Thread (13 messages) 13 messages, 5 authors, 2016-03-17

Re: Handling of non-positional data through evdev

From: Roderick Colenbrander <hidden>
Date: 2016-03-15 21:09:22

Hi Benjamin,

Thanks for your reply so far. I wasn't aware of hwdb, but it could be
interesting for us for some situations.

My device is more like a joystick with many directional axes in
addition to the accelerometer and gyro functionality. I can easily
remap the sensor axes to be reported using REL_* constants, but the
main issue for me are the units. The device has many keys, axes and
the only way to only solution is to hard code the data type in the
application on whether to interpret relative axis data as e.g. units
per rad/s, units per G or units per mm.

Ideally I'm looking for a way to solve the unit problem, but I'm not
sure yet how (new axis type or new ioctl...)

Thanks,
Roderick

On Tue, Mar 15, 2016 at 1:07 PM, Benjamin Tissoires
[off-list ref] wrote:
HI Roderick,

[adding some people in the discussion]

On Tue, Mar 15, 2016 at 8:26 PM, Roderick Colenbrander
[off-list ref] wrote:
quoted
Hi all,

I'm working on a device driver for an input device, which has both
directional axes in addition to sensors (accelerometer and gyro).

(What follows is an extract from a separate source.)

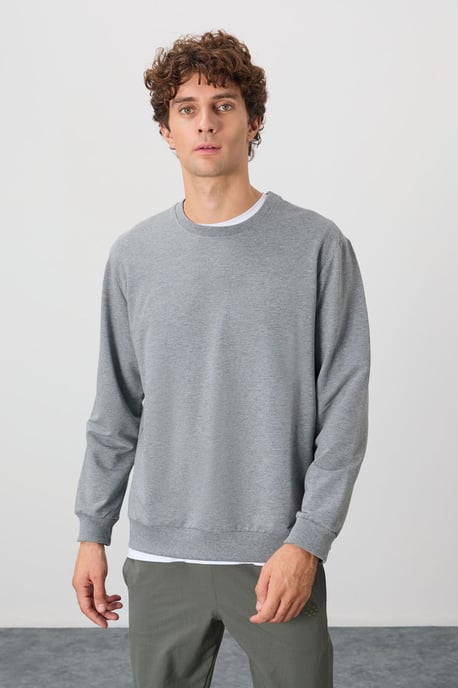 Men's Plain Crew Neck Sweatshirt - Image 1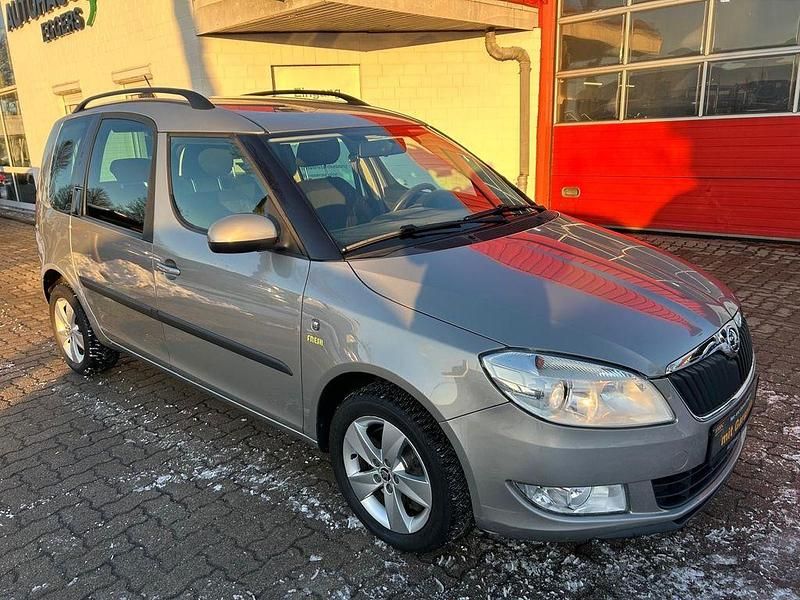 Gebraucht Skoda Roomster Fresh 105 PS (77 kW) 2013 Beige Van / Kleinbus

I'm
trying to figure out how to map these axes properly, but I'm stumbling
on some road blocks. Directional axes should be mapped to e.g.
ABS_X/_Y/_Z, while relative axes make most sense for sensors. The main
issue I'm seeing is that there is no way to determine using evdev what
type of data is exposed on an axis.
I am not entirely sure of what you mean by "relative axes". In the
evdev world, relative axes are given through REL_* and there is a
clear separation between relative (think mice) and absolute (think
touchscreen).
quoted
Based on definitions in input.h, it seems traditionally ABS_X/_Y/_Z
had a resolution of 'units per millimeter', while ABS_RX/_RY/_RZ where
meant for rotational axes in 'units per radian'. Over the years
handling of these axes evolved, where gamepads often use
ABS_RX/_RY/_RZ for the right stick, which is 'units per millimeter'.
According to our API, ABS_X/Y/Z are positional axis, and are reported
no matter what as "unit per mm" as you mentioned.
ABS_RX/RY/RZ are "rotation X/Y/Z" and are indeed reported as "unit per radian".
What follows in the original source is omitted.